The notable and astute writer Art Lange began his November column in the online journal Point of Departure as follows:
I quote Mr. Lange at length because he’s right (and please go read the whole thing, it's brilliant). Gunther Schuller did get a bum rap and the term, “Third Stream,” for all its faults, is what we’re stuck with when it comes to describing what’s going on with something like Roscoe Mitchell’s latest record for ECM. I have no doubt that Mr. Mitchell would object to the term himself, but there you go. I would still assert that Composition/Improvisation Nos. 1, 2 & 3 epitomizes Schuller’s ideal of “something other” of a “Third Stream.”
Gunther Schuller got a bum rap, and it’s time for some vindication. He had the audacity, back in the late ‘50s, to suggest that jazz musicians might find some fresh avenues to explore by incorporating classically-derived material and procedures into their usual modus operandi – and worse yet, he composed a few examples himself to show how it could be done, using renegade, untrustworthy improvisers like Ornette Coleman and Eric Dolphy alongside a string quartet. He even came up with a name for it: Third Stream. Maybe that was his mistake; once an idea has a name it becomes concrete, real, and dangerous to the status quo.

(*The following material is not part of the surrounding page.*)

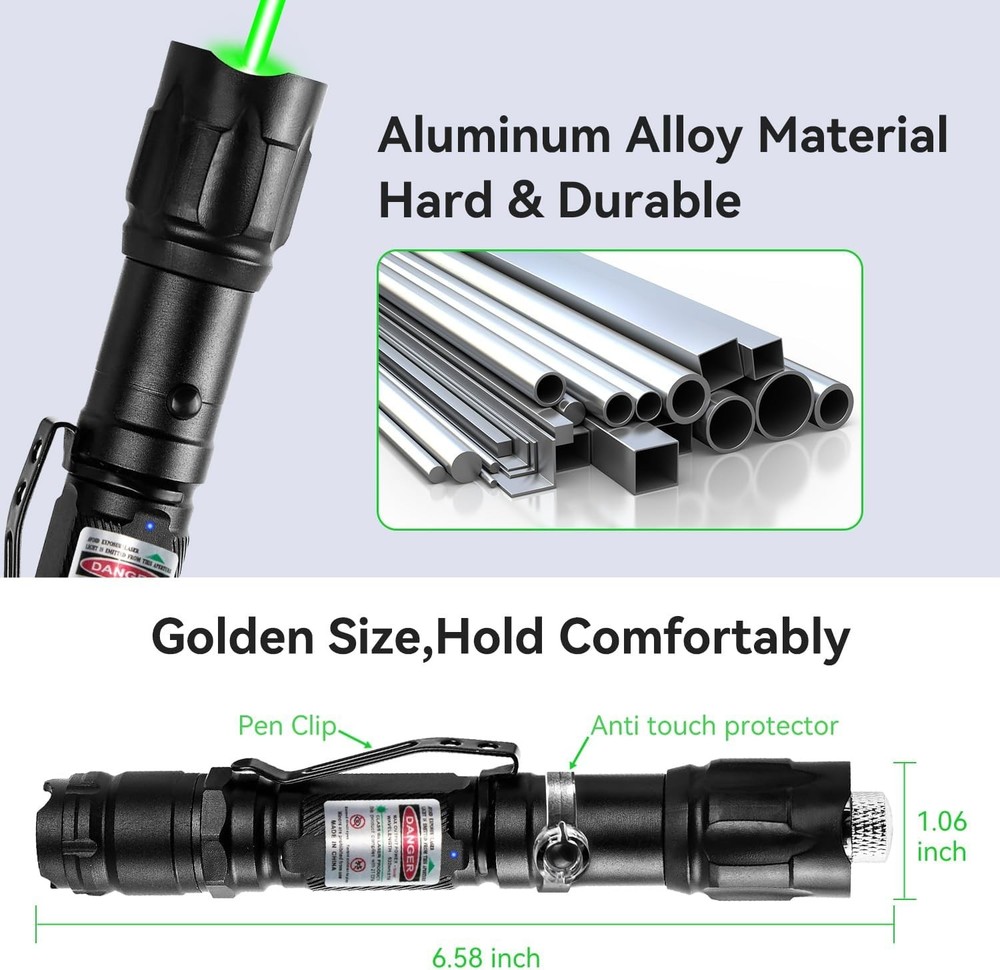 Rechargeable Green Laser Pointer Long Range Beam for Presentation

Third Stream music was attacked from the git-go, not so much for what it was, but what people feared it might be.
[Schuller] tried to deflect these misconceptions in a 1961 article entitled Third Stream” (reprinted in his Oxford University Press collection of essays, Musings), where he explained that Third Stream was not intended to replace, improve, or “legitimize” jazz at all, but that the whole point was to blend certain compatible aspects of jazz and classical music into a New Music that no longer was jazz or classical music, but something other.
The Transatlantic Art Ensemble is a combination of Mitchell’s Note Factory and Evan Parker’s Electroacoustic Ensemble (sans electronics). Mitchell’s “composed improvisations” exploit the rich textural possibilities of these fourteen master musicians. Track three is exemplary: beginning with a fully-notated and quirkily swinging ensemble passage, it develops across various rhythmic and instrumental combinations until yielding to Mitchell’s own solo saxophone excursion. From there it evolves into an ecstatic (yet somehow delicately controlled) free-jazz blow-out, building climaxes upon climaxes as each additional instrument gradually enters the fray. Just as you think it can’t get anymore intense, a beautiful chord appears signaling an extended coda to end.
The first time I heard this was a hair-raising experience. I literally felt like the guy in the Maxell ad, pinned to the sofa. The whole thing is beautifully recorded by producer Steve Lake and it sounds especially good at a realistic volume level, if you know what I mean.
Neither one of the available terms, “jazz” nor “classical”, fits this music’s true ambition and scope. “Third Stream” will have to do. Let’s give it some respect.